Des promesses, mais aussi des tensions éthiques et géopolitiques
Derrière l’optimisme technologique, le NCEC n’élude pas les questions sociétales majeures que soulèvent ces solutions.
- Quelle est la légitimité d’un projet de reforestation dans une région où la souveraineté foncière est contestée ?
- Qui contrôle les brevets sur les procédés de capture directe ?
- Quelles garanties donne-t-on sur la permanence du stockage ?
L’université d’Exeter insiste sur l’importance de traiter ces dimensions : « Nous devons évaluer les impacts climatiques mais aussi les effets économiques, sociaux et politiques de chaque technologie. Une transition climatique non éthique serait une impasse. »
Un changement d’échelle indispensable
Aujourd’hui, toutes les technologies de capture du carbone cumulées retirent à peine 0,1 gigatonne de CO₂ par an. Pour respecter les trajectoires de neutralité carbone d’ici 2050, il faudra en extraire entre 5 et 10 gigatonnes chaque année, soit un facteur 100 à 200 de progression.
Le défi n’est donc pas technologique uniquement. Il est également financier, réglementaire et industriel.
Un sommet mondial pour structurer l’écosystème
La force du NCEC réside dans son approche systémique.
Lors de ce sommet à Exeter, des représentants venus d’Australie, du Panama, de l’Ouganda ou encore de l’Europe partagent des retours de terrain, des outils de modélisation, et des projets pilotes en cours. L’ambition est de faire émerger un véritable écosystème mondial de l’économie carbone négative, capable d’attirer des financements privés, de sécuriser des filières industrielles et de s’inscrire dans les politiques publiques.

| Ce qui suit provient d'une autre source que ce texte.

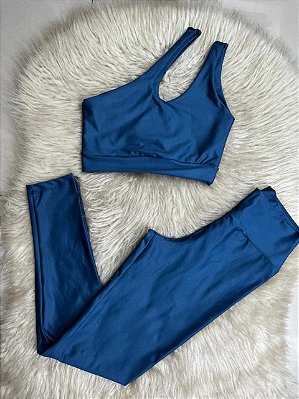 Conjunto Legging Básica + Top Nula Manga Cor Azul Petróleo
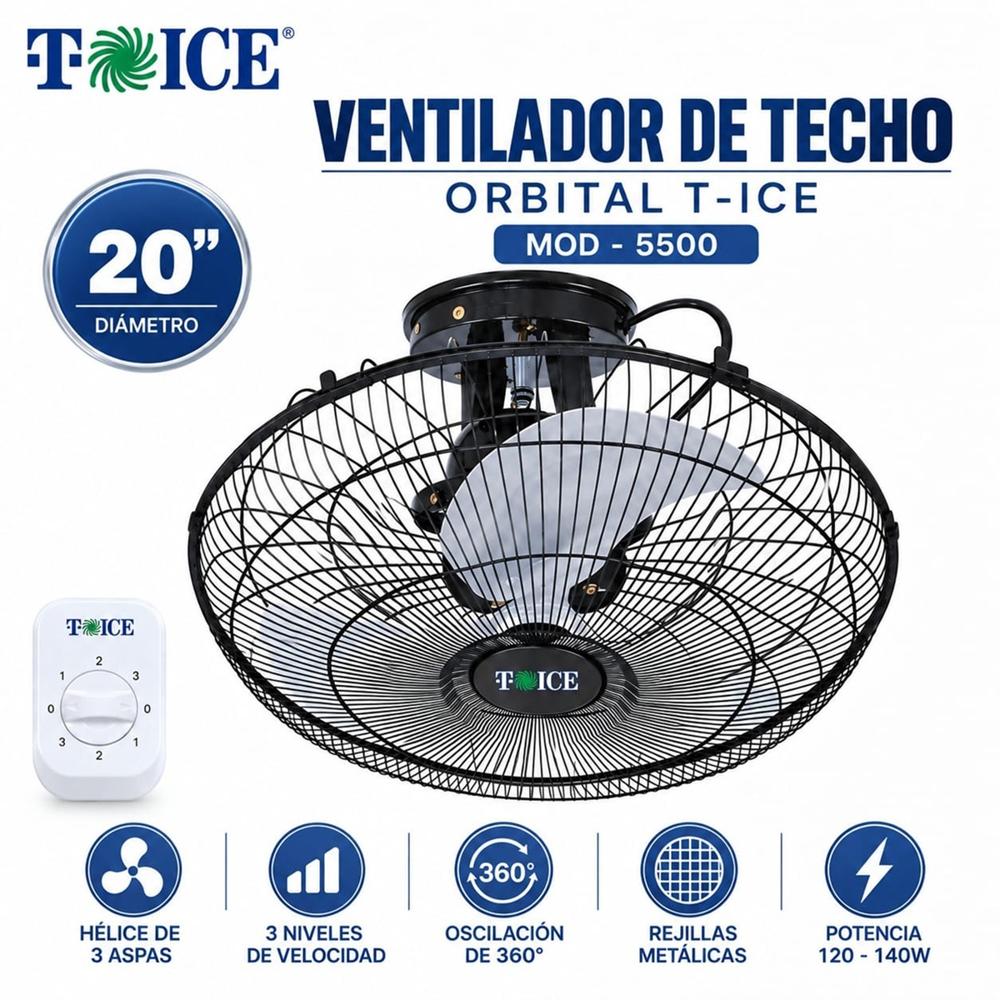 Ventilador de Techo T-ICE de 20 pulgadas 03 velocidades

Amanda Ellis, co-présidente du NCEC et ancienne ambassadrice de Nouvelle-Zélande à l’ONU, insiste sur la transversalité : « Ce n’est pas un sommet d’ingénieurs. C’est un sommet de bâtisseurs, au sens large : scientifiques, financiers, décideurs, communautés locales. Tous ont un rôle à jouer. »
Le mot d’ordre est clair : coopérer pour construire, et vite.